Spook 72 (oz11046)
About this Plan
Spook 72. Free flight power model, for Class C engines.
The Spook design dates back to 1940. This here is a later 'nostalgia' reprint in MAN, Aug 1973.
Quote: "Golden Oldie #3: The Spook 72.
As far as we know, the Spook never appeared as a magazine construction article - at least not in Model Airplane News. We did, however, carry the advertisement that's reproduced above, beginning in mid-1940, so we assume the design dates back to that year.
The plans shown here were traced from original Modelcraft kit plans, and the building instructions that follow were taken verbatim from the same source.
The Spook should be a good choice for R/C Assist events, or just plain sport flying. Its 800 sq in area limits glow engine displacement to .35 according to SAM rules for competition, but for sport you could use anything you like.
We'd suggest beefing up the wing structure a bit by adding another spar above the main spar, then joining them with vertical shear webs. Extending the leading edge planking, top and bottom, back to the spar would then create a D-section leading edge tube with reasonable beam and torsional rigidity. A deeper built-up sheet balsa trailing edge with shear webs would help also. And, of course, silk and dope would add a lot more strength than you get from the average plastic films - and it'd be more authentic, too. As for the stabilizer, we strongly recommend carrying the leading edge through the fuselage, with a strong splice.
To make life easier for people who hate to cut ribs and formers, a 'partial' kit (less stripwood, planking, etc) consisting of ribs, formers, firewall, wing-tips, stab and rudder tips and pre-bent landing gear is available. The price is $16.00, plus $2.00 for surface delivery or $3.00 for air delivery, either Parcel Post or UPS. Order directly from: Schmidt Custom Kits, Dept. MAN, 11948 Franklin Blvd., Elk Grove, CA 95624. Do not order from Model Airplane News.
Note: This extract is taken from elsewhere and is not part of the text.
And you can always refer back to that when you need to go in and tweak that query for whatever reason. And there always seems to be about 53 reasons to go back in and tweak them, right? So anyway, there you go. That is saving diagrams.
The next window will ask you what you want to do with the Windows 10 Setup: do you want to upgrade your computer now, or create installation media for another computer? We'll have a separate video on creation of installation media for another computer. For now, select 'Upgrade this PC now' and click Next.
And now, on to the construction.
FUSELAGE: Build two sides as shown in the side view, then put together with crossmembers as shown in the top view. Put on landing gear by tying to the longerons with heavy thread or string. It is best not to tie the landing gear to the crossbraces. Wrap the ends of the land-ing gear with wire and solder. Build and install the battery tray and put in the motor mounts.
TAIL SURFACES: Cut out the ribs and outline pieces from printed sheet. Then build tail surfaces directly on the plan. When dry, sand to shape and ce-ment to the fuselage. Note: It is impor-tant that the stabilizer is mounted direct-ly on the centerline of the fuselage and that the rudder is straight. If the bottom portion of the rudder is not on straight, it will be impossible to adjust the ship.
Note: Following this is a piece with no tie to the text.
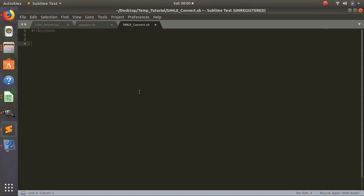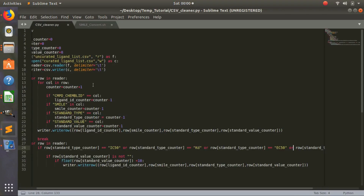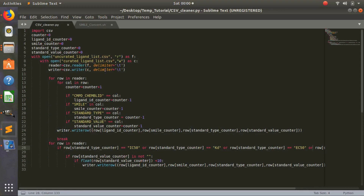Hey guys, it's Richard with part 2 of the video on how to create your in silico drug discovery pipeline. In the last video we cleaned up our CSV file that we got from the ChemBL database. Now we want to start building our pipeline and move to the next step.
WING: Follow these step-by-step in-structions:
1. Build two each identical front and rear spar halves.
2. Pin front spar halves on front view of wing and cement center section piece (piece 'A') in place. Build rear spar on top of front spar repeating the same procedure. Line up the top edge of the spars and make sure both front and rear spars have the same amount of dihedral on both sides.
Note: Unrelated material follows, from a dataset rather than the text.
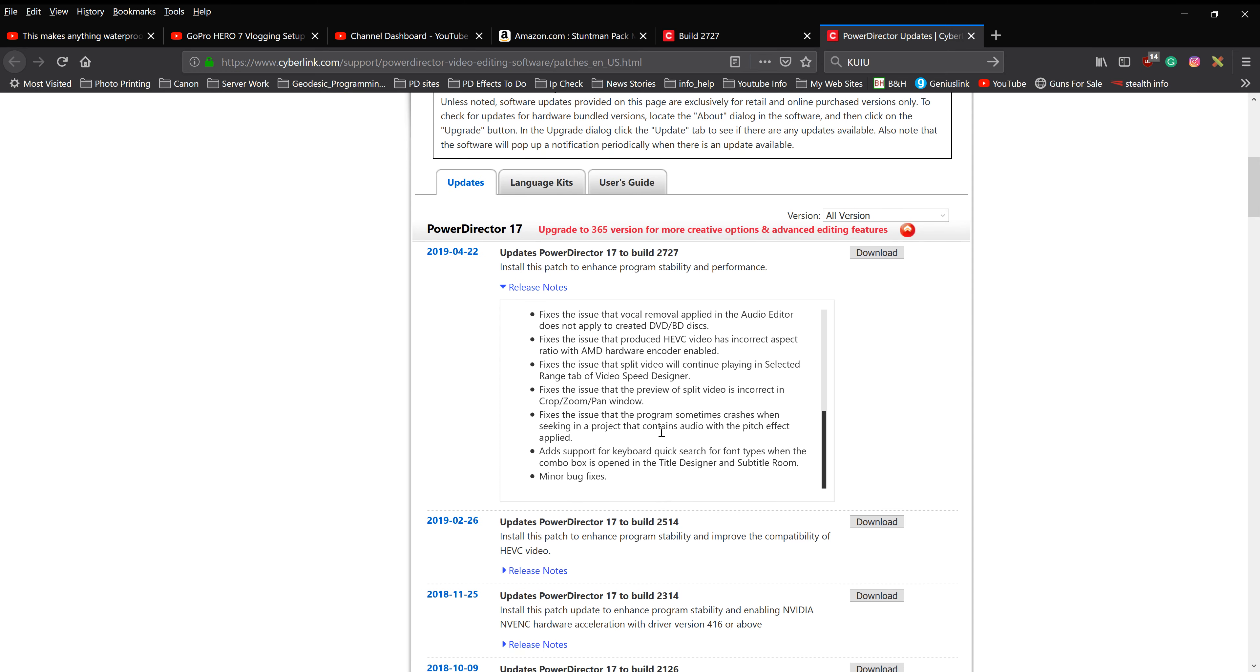So that's a minor upgrade. There's only a few things here it's fixing. That's support for keyboard quick search font types and some minor bug fixes.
3. When spar joints are dry, cement splices 'C' in place. You are now ready to put the wing ribs in place. After ribs are cemented in place, cement leading and trailing edge, tips and sheet wood on leading edge in place. Sand the tips so that the tops of these carry out the top curve of the wing ribs. Be very careful during construction to avoid wing warps.
At this point, engine should be installed and ship wired. If you're using an Ohlsson 60, build in about five degrees of downthrust..."
Spook 72, from Model Airplane News, Aug 1973.